Full results on google docs. Top 20 results:

line	count_distinct_repos	example_url
ng-click	1040
ng-repeat	827
ng-model	823
ng-show	662	https://github.com/BoxUpp/boxupp/blob/master/page/templates/vmConfigurations.html
ng-class	560	https://github.com/streamdataio/streamdataio-js/blob/master/stockmarket-angular/index.html
ng-controller	559
ng-if	536	https://github.com/Groupmates-co/groupmates/blob/master/app/assets/javascripts/groupmates/mates/mates-tpl.html
ng-app	421	https://github.com/streamdataio/streamdataio-js/blob/master/stockmarket-angular/index.html
ng-hide	290	https://github.com/BoxUpp/boxupp/blob/master/page/templates/vmConfigurations.html
ng-disabled	287	https://github.com/JekyllWriter/JekyllWriter/blob/master/layout/proxy.html
ng-submit	222	https://github.com/Groupmates-co/groupmates/blob/master/app/assets/javascripts/groupmates/mates/mates-tpl.html
ng-src	211	https://github.com/Groupmates-co/groupmates/blob/master/app/assets/javascripts/groupmates/mates/mates-tpl.html
ng-include	205	https://github.com/pixelpark/ppnet/blob/master/app/views/map.html
ng-change	198	https://github.com/mmautner/github-email-thief/blob/master/app/views/search_codes.html
ng-href	187	https://github.com/asm-products/octobox/blob/master/public/views/content/file/modal.html
ng-bind	173	https://github.com/BoxUpp/boxupp/blob/master/page/templates/vmConfigurations.html
ng-bind-html	150	https://github.com/LeoLombardi/tos-laimas-compass/blob/master/tos-laimas-compass-win32-x64/resources/app/node_modules/ui-select/docs/examples/demo-select2-with-bootstrap.html
ng-init	146	https://github.com/asm-products/octobox/blob/master/public/views/content/file/modal.html
ng-view	145	https://github.com/TheWildHorse/MovieNight/blob/master/public/index.html
ng-options	142	https://github.com/mmautner/github-email-thief/blob/master/app/views/search_codes.html

Top usages in all repositories

Previous query was looking only at the sample of data. This query looks through all files accessible on github.

SELECT
  TOP(line, 500),
  COUNT(*) AS c
FROM (
  SELECT
    REGEXP_EXTRACT((SPLIT(contents.content, '\n')),
          r".*[^a-zA-Z](ng-[a-zA-Z0-9-]+).*") line,
    contents.id AS id
  FROM
    [bigquery-public-data:github_repos.contents] AS contents
  JOIN (
    SELECT
      path,
      id
    FROM
      [bigquery-public-data:github_repos.files]
    WHERE
      path LIKE '%.ng'
      OR path LIKE '%.html') AS files
  ON
    (contents.id == files.id)
  HAVING
    line CONTAINS "ng-");

Full results on google docs. Top 20 results:

directive	count
ng-click	1572920
ng-model	1355222
ng-show	962245
ng-repeat	697010
ng-if	601903
ng-controller	591669
ng-app	460875
ng-class	452863
ng-bind	283218
ng-hide	217121
ng-disabled	168468
ng-include	125913
ng-init	125508
ng-submit	118507
ng-switch-when	111254
ng-href	109513
ng-src	108365
ng-template	108241
ng-change	101197
ng-bind-html	89604

Custom directives

Methodology

I tried a heuristic for finding custom directives – extract all html tags and look at relative frequency in all html files vs “probably angular html” files.
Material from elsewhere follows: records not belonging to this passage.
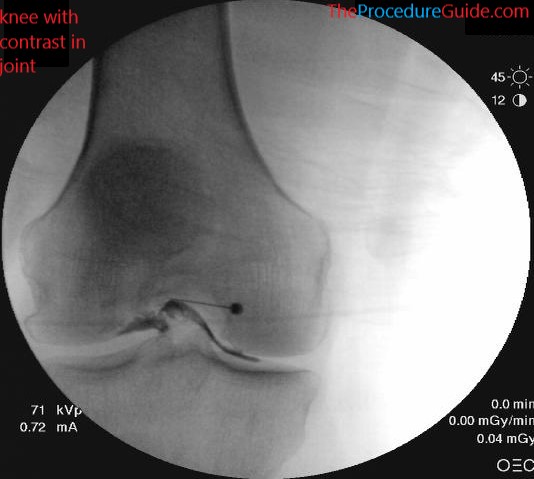 knee with contrast spread in joint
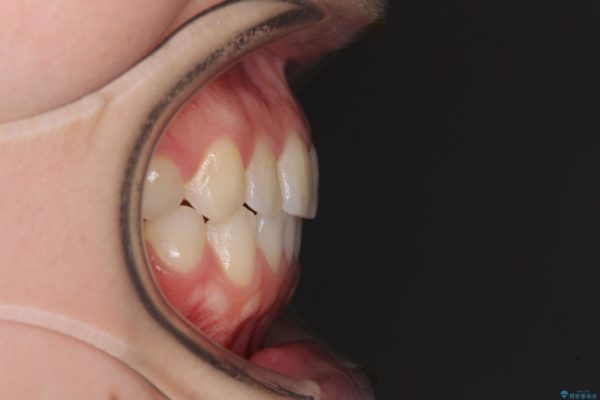 前歯の反対咬合をインビザライン矯正で改善 治療後画像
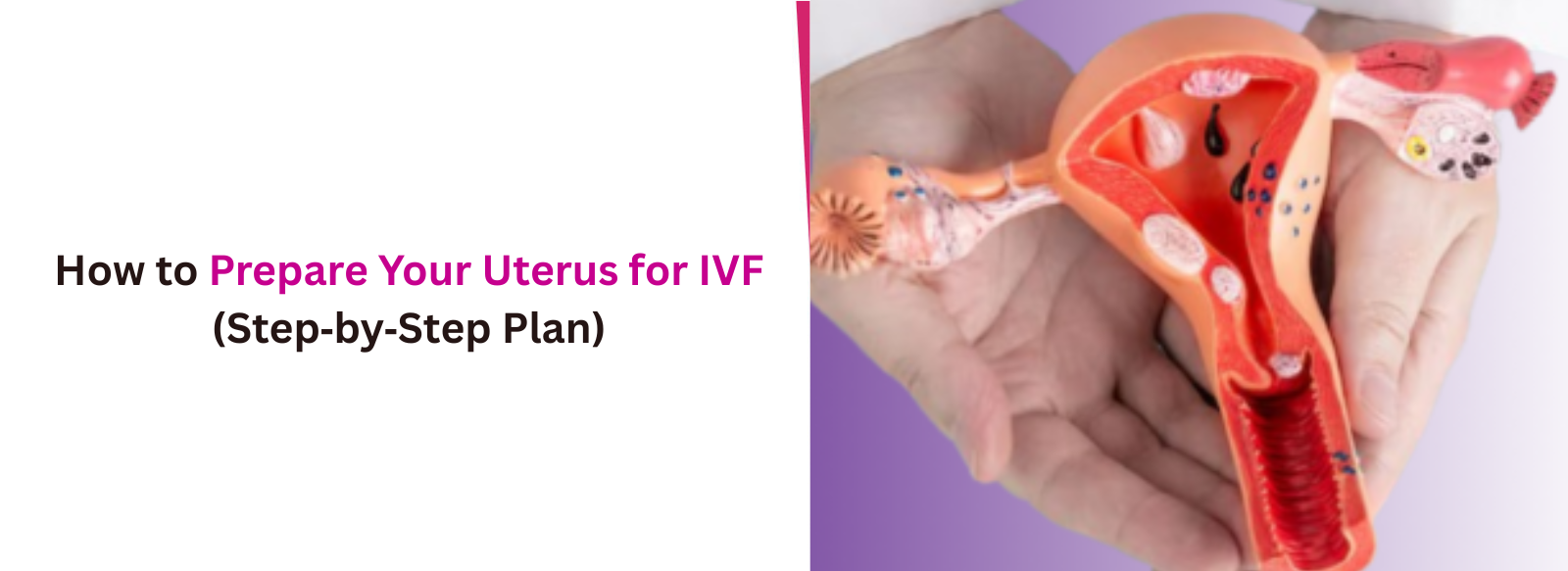 How to Prepare Your Uterus for IVF (Step‑by‑Step Plan)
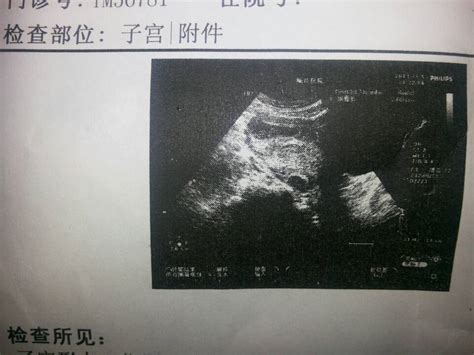 怀孕48天b超没听见胎心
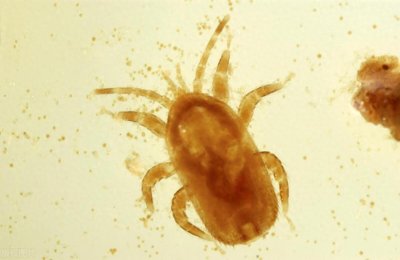 ​快速清除床上螨虫的几个妙招，让床上螨虫彻底消失，晚上睡香香！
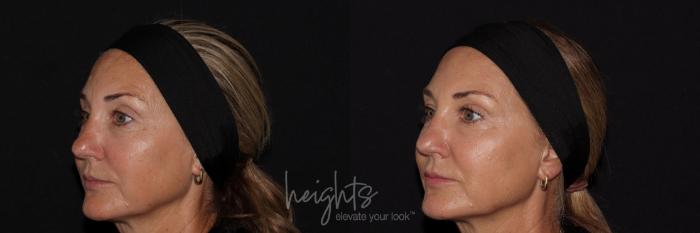 Before & After BOTOX COSMETIC® Case 141 Left Oblique View in Vancouver (Burnaby), BC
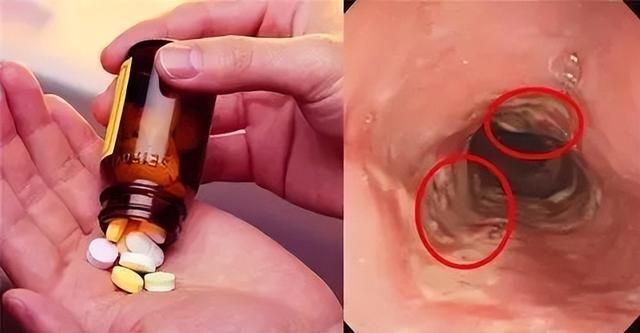 药源性食道炎好发于老年人及体弱多病者,口服药物进入胃部之前必须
“Probably angular html” is based on the assumption that “ng-” is ubiquitous in angular html, but not that frequent otherwise. Also some angular files use the .ng extension. This method is going to obviously have some false positives and negatives. Looking through results, 2.0 ratio was optimal. Here you can see top 50 results that were right past the edge of exclusion – ratio was between 2.0 and 2.5. Very few entries are legitimate.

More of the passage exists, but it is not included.